**Material for this exercise**
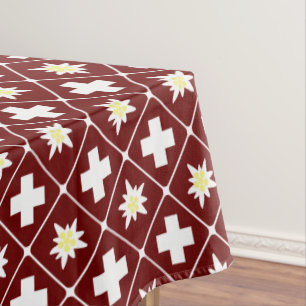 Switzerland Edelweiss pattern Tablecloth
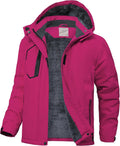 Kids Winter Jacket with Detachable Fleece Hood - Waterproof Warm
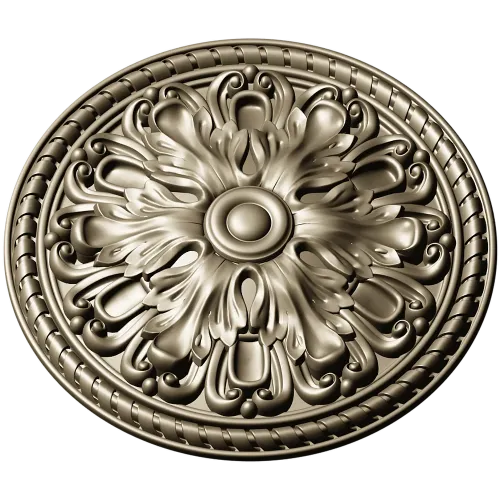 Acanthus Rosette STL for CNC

==

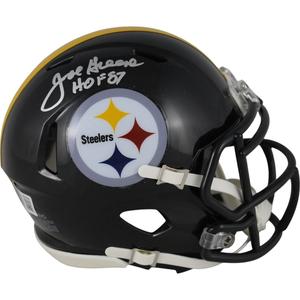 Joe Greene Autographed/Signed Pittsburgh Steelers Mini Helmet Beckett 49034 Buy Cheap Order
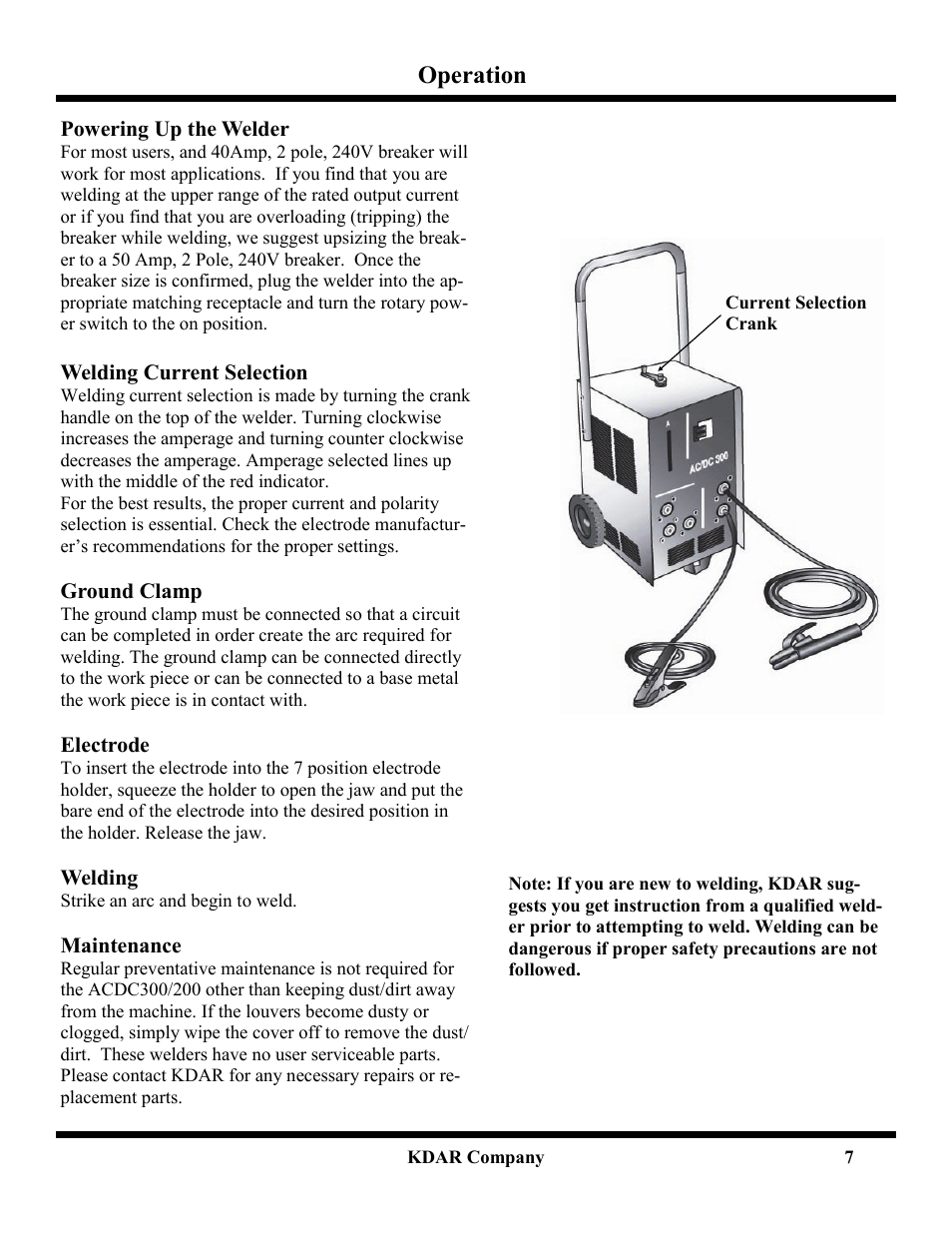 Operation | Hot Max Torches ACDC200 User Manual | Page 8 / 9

==

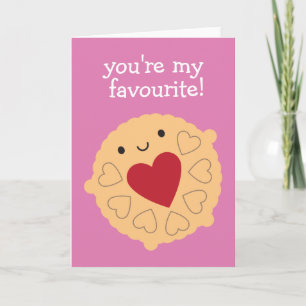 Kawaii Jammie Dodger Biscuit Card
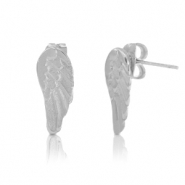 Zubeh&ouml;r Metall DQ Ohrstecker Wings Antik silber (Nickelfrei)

**What the task requires**
Take the material above from the line bearing "Switzerland Edelweiss pattern Tablecloth" through the line bearing "Acanthus Rosette STL for CNC" and write it out exactly, both end lines included. Pictures stay out.

**Response to this task**
 Switzerland Edelweiss pattern Tablecloth
 Kids Winter Jacket with Detachable Fleece Hood - Waterproof Warm
 Acanthus Rosette STL for CNC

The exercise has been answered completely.